Many stalkers feel free to engage in cyberstalking because their states don’t have a specific statute on cyberstalking. They should recognize, however, that other serious charges for convictions could apply. Instead of carving out a new cyberstalking offense, some states have modified their harassment, stalking, or online solicitation statutes to criminalize the conduct found in other stalking statutes and establish harsher punishments.

For example, Texas does not have a statute entitled cyberstalking, but many types of online stalking charges involving teenagers are prosecuted through another statute called online solicitation of a minor. Regardless of how the charge is prosecuted, cyberstalking situations result in stiff penalties and can have other collateral consequences.

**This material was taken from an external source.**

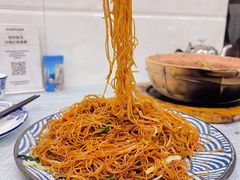 豉油皇炒米粉-天宝食坊·啫啫煲大排档(西华路店)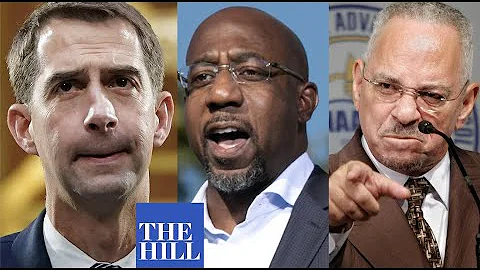 Tom Cotton BLASTS Warnock over Jeremiah Wright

Cyberstalking can result in penalties beyond time in jail. If the stalking is sexual in nature, it could result in a conviction that requires a defendant to register as a sex offender. Many apartment managers and employers will not accept or hire someone who is registered as a sex offender. If the charged conduct is not sexual in nature, it can still have long term consequences, including restraining orders designed to prohibit any future contact with the victim.

If a harasser is charged a second time with cyberstalking, then the sentence could be increased by the first conviction. A defendant fortunate enough to be placed on probation for a cyberstalking charge usually faces intensive supervision because of the concern for the victim’s safety. Terms of probation can include a requirement that a defendant has no contact with the victim, that the harasser complete a psychological assessment, or that he complete an anger management assessment.

Even though cyberstalking is a relatively new charge, it retains many old problems for victims and defendants alike. Updates in cyberstalking laws and investigation techniques have resolved many of these problems, but despite these changes, anyone grappling with a cyberstalking charge, as either a defendant or a victim, should be familiar with the most recent laws and remedies for a cyberstalking charge in their state.